# Skinny dipping



## uhmanda00 (Aug 3, 2008)

They always jump in at the most convenient times, don't they? haha


----------



## mist (Jun 23, 2007)

he looks adorable,


----------



## BeauShel (May 20, 2007)

Looks like someone wanted to do a midnight swim, but since he cant read the clock went alittle early. Anytime is the right time to take a dip


----------



## TheHooch (May 9, 2007)

Now that was a good chioice.


----------



## ShadowsParents (Feb 27, 2007)

He looks a bit remourseful in that 2nd picture. Or is that a 'busted' look? LOL


----------



## Lego&Jacub (Jul 18, 2006)

OMGosh... he is just tooo PRECIOUS!!!! I love the closeup!!! They are just soo... live for the moment.... ya gotta love 'em!!!!


----------



## sharlin (Feb 26, 2007)

Nothing like a midnight dip to make a boy sleep good!!!


----------



## Celeigh (Nov 29, 2007)

ShadowsParents said:


> He looks a bit remourseful in that 2nd picture. Or is that a 'busted' look?
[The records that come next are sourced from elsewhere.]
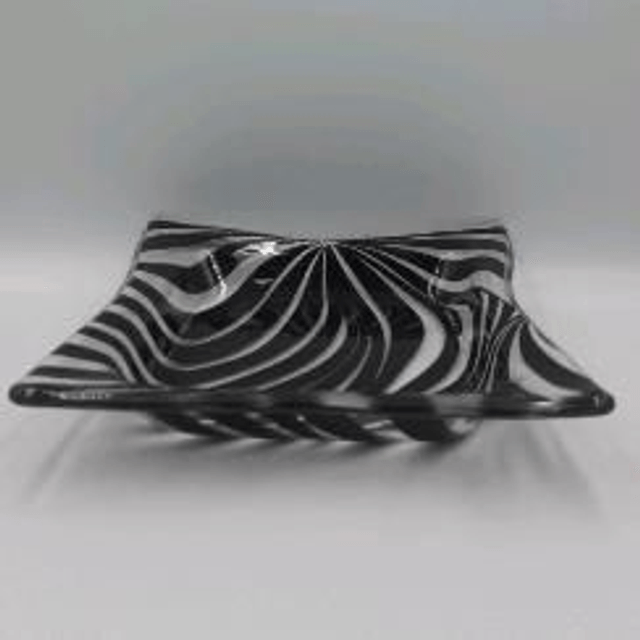 Monochrome dish 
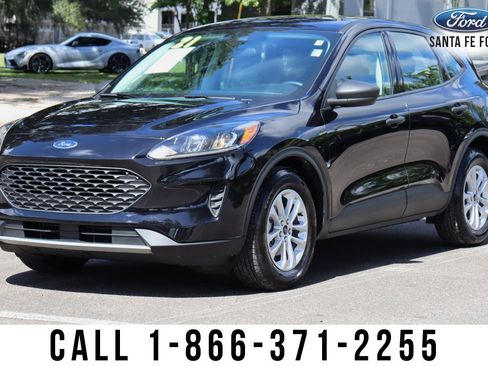 Used 2021 Ford Escape S image 4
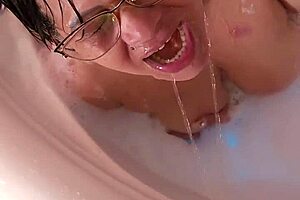 Invito A La Mama De Mi Amigo Al Jacuzzi Para Follarmela Bien Puerco In Lingerie And Anal Action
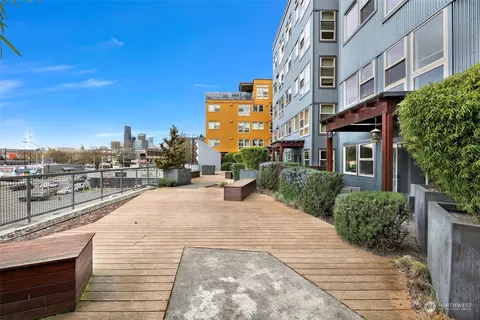 827 Hiawatha Pl S #609, Seattle, WA 98144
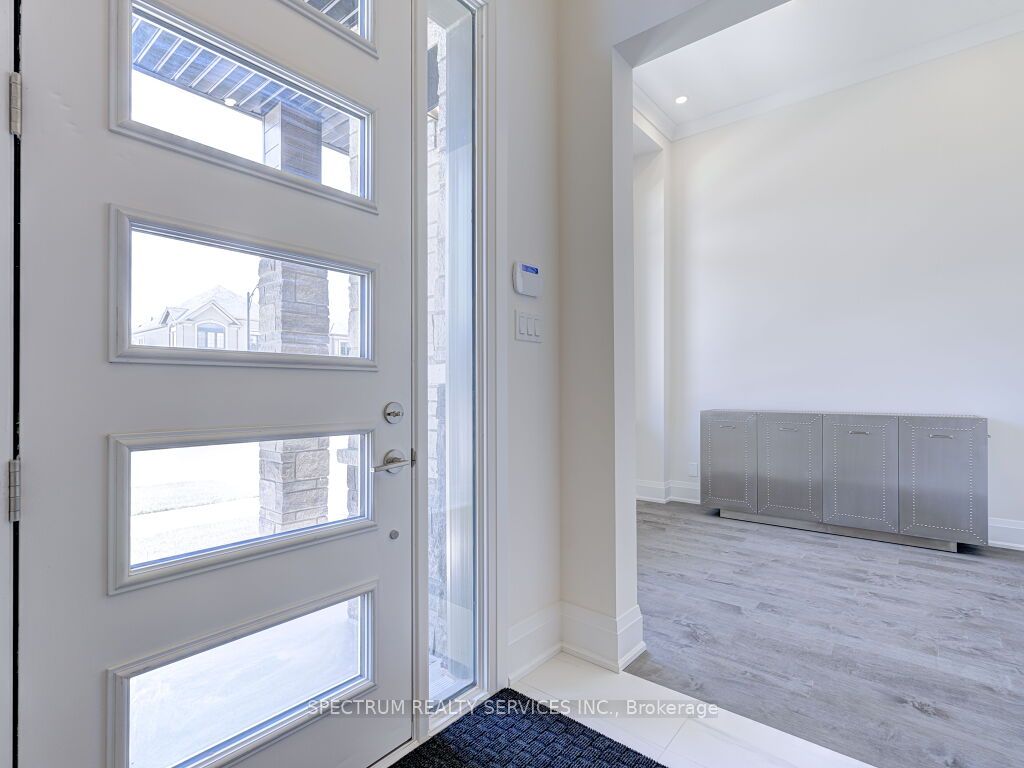 35 Macklin St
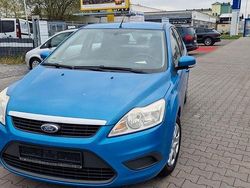 Blau Gebraucht 2009 Ford Focus Style Limousine | 2.400 € (Fairer Preis)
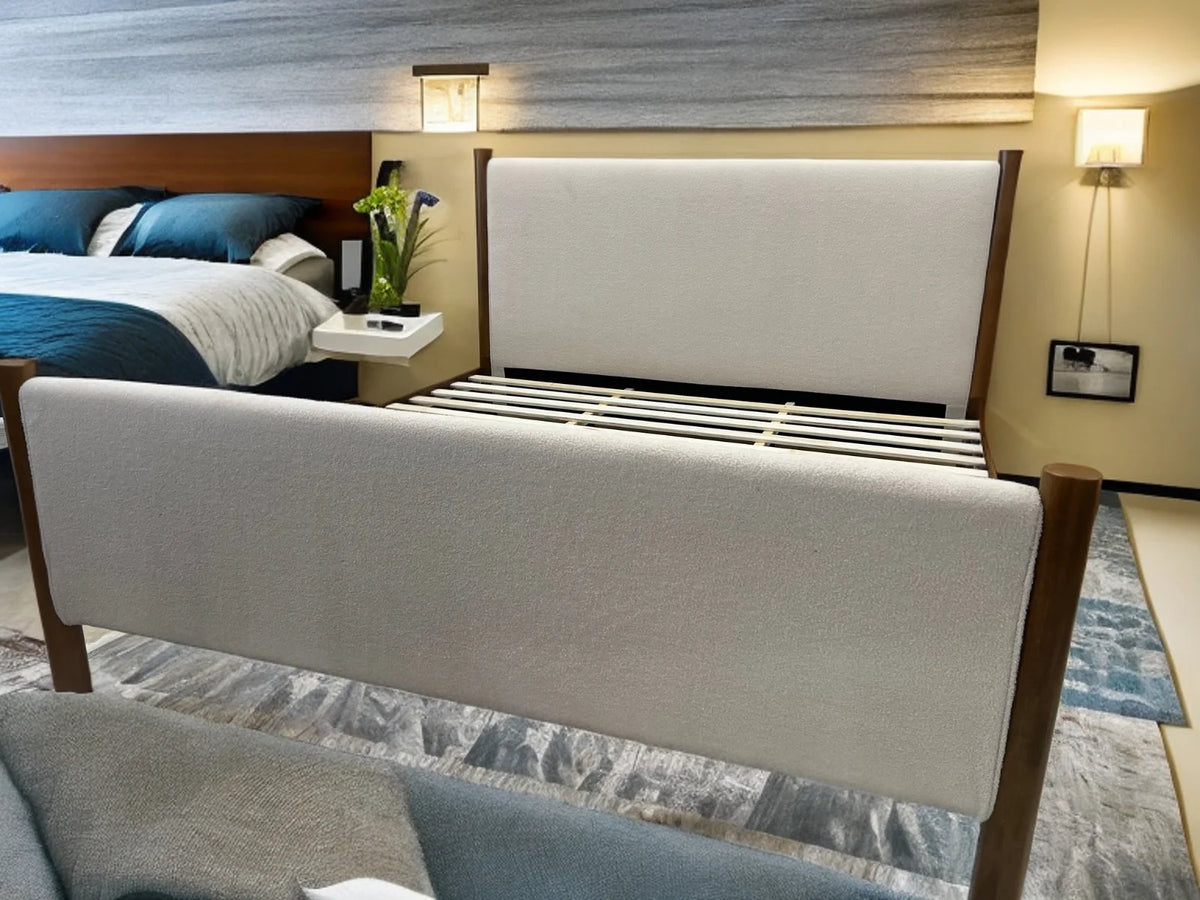 White Platform Bed with Wood Legs Queen U805519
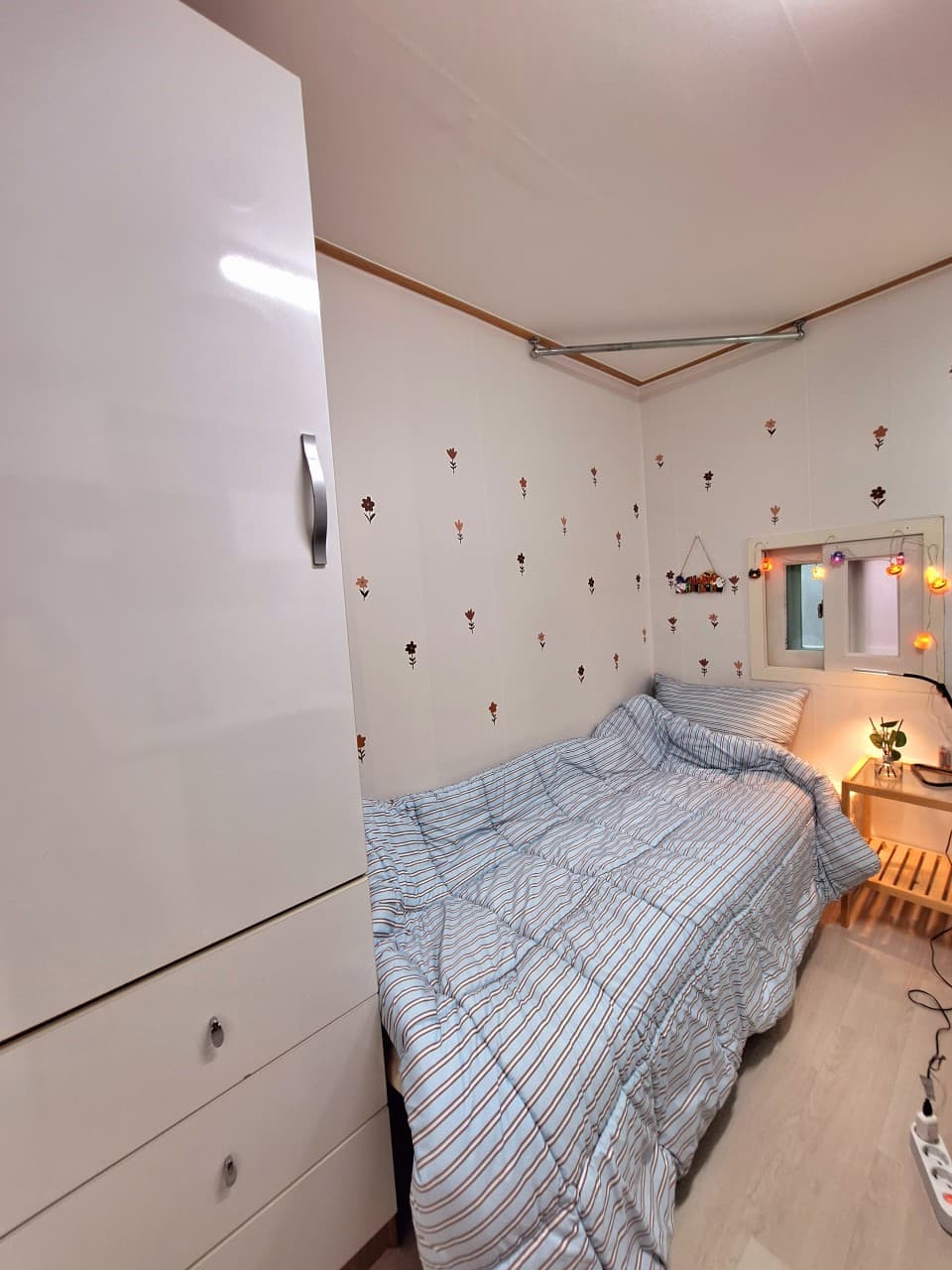 Room I Exterior Window Room (Deposit 100,000 KRW) — photo 2 of 3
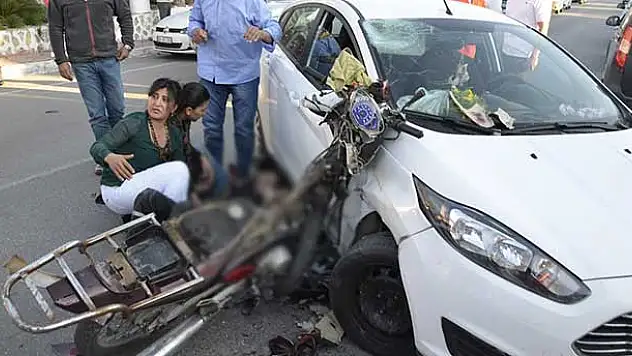 Bodrum'da otomobil ile motosiklet çarpıştı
LOL


I think that one was a "hey, that flash is hurting my eyes" look crossed with a "if I don't look right at her and stand really still, maybe she won't see me in here" look!

That's my baby!


----------



## fiestyredheadntx (Mar 27, 2008)

nothing like a little dip in the water before retiring for the night!


----------